В январе 1945 года немцы, которые нас охраняли и управляли нами, начали куда-то быстро исчезать, и вскоре появились американские войска. Мы получили свободу. Мы тут же всей бригадой бросились искать еду, и искали ее везде: вскрывали склады, ходили по немецким квартирам. Если немцы не отдавали еду по-хорошему, мы отбирали ее силой. Квартировали мы теперь в каком-то роскошном дворце на огромных мягких перинах. Продолжалось это наше вольготное существование недолго: американцы вскоре согнали всех, разбежавшихся по округе бывших пленников обратно в лагерь, теперь уже под их охраной. Правда, охраняли не очень строго, и пробраться за ограждение было возможно. Мы пользовались этим, и часто уходили на добычу пропитания. Американцы кормили нас 2 раза в день и довольно неплохо, но нам все равно не хватало. Однажды мы даже отобрали у немцев корову, и тогда впервые за долгое время наелись мяса.

В этом американском лагере мы пробыли около 5-ти месяцев. Нам показывали кино, и раз в неделю мы даже устраивали танцы. В лагере было около 10-15 тысяч человек со всей Европы; были итальянцы, французы и т.д. Все они потихоньку разъезжались. Нас, советских, вызывали по одному в американскую комендатуру, и предлагали не возвращаться в СССР. Они говорили, что там нас ждет тюрьма и предлагали американские визы. Некоторые соглашались, но основная масса ждала отправки на Родину, к своим близким. Однажды в лагере появились советские офицеры. Два офицера подошли как-то к толпе, собравшейся возле американской комендатуры, и сказали, чтобы мы расходились, не верили американцам, и что скоро нас отправят домой. В сентябре 1945 года нас эшелоном отправили из этого лагеря и разгрузили снова в Германии, только уже в советской зоне оккупации. Там нас несколько дней вообще не кормили, и возникло даже несколько стихийных бунтов. Потом кормить начали и пошел слух, что нас заберут в армию и отправят на войну с Японией. Нас разделили на роты, не переодевая в военную форму, и занимались с нами строевой подготовкой. Затем мы начали заниматься разбором оборудования, которое отправлялось в СССР.

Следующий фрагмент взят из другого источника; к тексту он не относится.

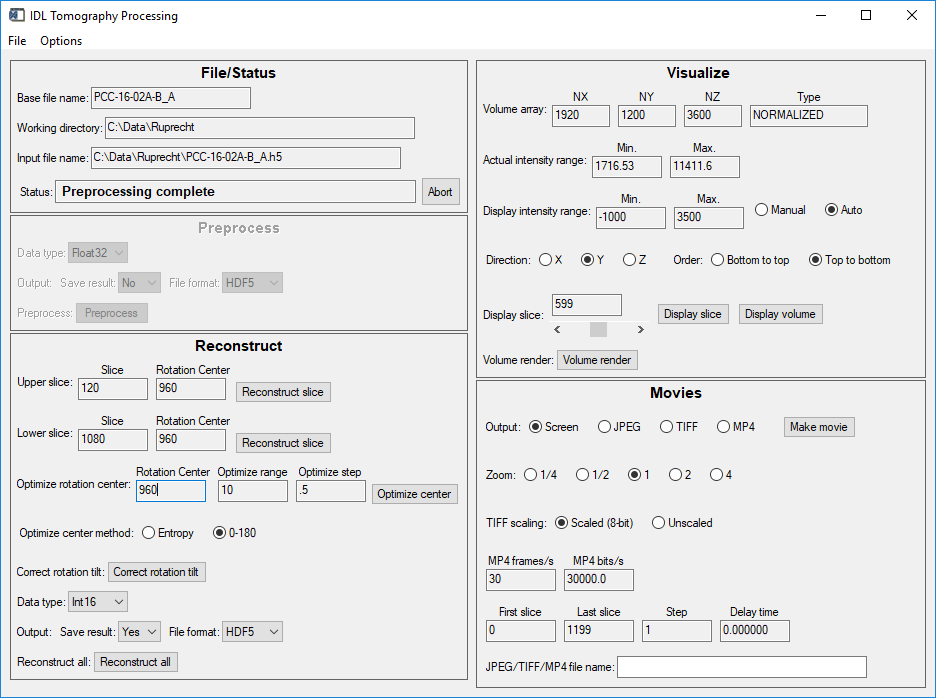 _images/tomo_display_after_preprocess.png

В ноябре нас отправили эшелоном в Брест. Там нас выгрузили и разместили в лагере, в котором нам сообщили, что мы все в чем-то виноваты перед Родиной и теперь будем искупать свою вину. Вскоре меня и других бывших «восточных рабочих» отправили в г.Новошахтинск Ростовской области. Там я стал машинистом рубмашины на шахте. Жили мы в общежитии, без охраны, питались по карточкам в столовой. В карточках на специальных талончиках были указаны наименования продуктов и количество в граммах. Если я брал котлету, у меня отрезали талончик, где было написано «мясо 30г». В магазинах продуктов было практически невозможно купить, буханка хлеба на базаре стоила от 100 до 200 рублей. Вообще, несколько лет после войны было очень плохо с продуктами, многие люди голодали. Документов у меня не было никаких.
На шахте часто происходили несчастные случаи, многие шахтеры погибали или калечились. Однажды засыпало и меня. Я был самым маленьким в бригаде, и десятник звал меня «сынок». Когда меня вместе с моей рубочной машиной раскапывали, я услышал, как десятник сказал:
- П…ц сынку…
Но я выжил. Правда, после этого случая у меня появился страх перед шахтой. Доходило до того, что я шел на работу, а по щекам у меня текли слезы. Не выдержав нервного напряжения, я сбежал.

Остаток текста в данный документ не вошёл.